Communication in times of crisis.
Reflection after the cyclone, useful for other events.
There are events in life that take you back to years ago, fortunately the mind is able to move so fast. For example, the cyclone that was threatening us and its passage through Cuban land was real, and a blackout, which at the time of this thought exceeded 30 hours, took me back to when I was a child and my father told me how the peasants learned about the proximity of one of them.
At that time there were no means of communication as there are today, nor was there Civil Defense, let alone the Internet. My father used to tell me that when there was a cyclone, the only thing that was available was the reports offered by the Cuban engineer, lieutenant commander, meteorologist and climatologist José Carlos Millás.

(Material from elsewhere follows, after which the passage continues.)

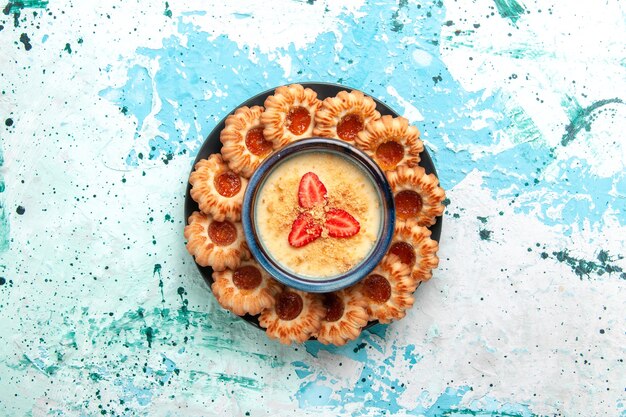 Top view delicious cookies with jam and strawberry dessert on light-blue surface cookie sugar sweet biscuit cake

Also, Meteorology did not have radars or other means as it does today. It was said that Millás’ reports were accurate for the time, now the equipment allows greater precision. In the fields people lived in the dark, both for the lack of electricity and for information. The farmers were informed of the proximity of a cyclone by the Rural Guard, who in pairs, on horseback, would go through the fields giving the report and asking the locals to pass it on to the rest of the neighbors. This method was effective in the absence of other means.
We are in the 21st century, with all the advances in Science and Technology, with accumulated experience and organizations in charge of transmitting the information.

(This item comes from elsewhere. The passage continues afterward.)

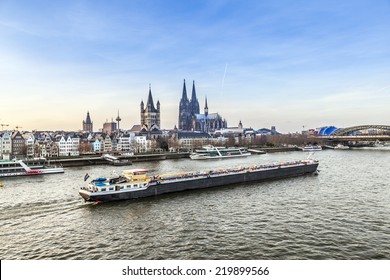 Sunrise In Cologne With Dome And River Rhine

I am not going to refer to the fields of yesteryear, but to the city of Matanzas, where prior to the cyclone many neighborhoods were uninformed because they did not have electricity. It is true that telephones were set up for the people to find their way around, which can be included among the different forms of communication, but not the most effective.

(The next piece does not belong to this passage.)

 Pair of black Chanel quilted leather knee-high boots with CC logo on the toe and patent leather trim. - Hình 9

It is known that the population does not have portable radios, that cell phones are discharged for such a long time without electricity. There was not, and we do not want there to be, the rural guard to inform us of the trajectory of the storm.
Not only of the storm, but also of the torment of not having electricity for more than 30 hours. We are in the 21st century, we have a recently approved Law of Social Communication, which in its Chapter VII deals with Communication in times of crisis, in whose legal body there are several paragraphs that talk about what a crisis is and the need to adopt measures to eliminate them, attenuate them or at least inform the causes and what is being done.
I believe that in the absence of information by traditional means, a loudspeaker car could have been set up to function as a radio base to communicate and alert the population. Also, the centers that have power plants could have been commissioned to become repeaters of the television or radio signals and even to disseminate local measures of interest to the community. Let us remember that information is a citizen’s right.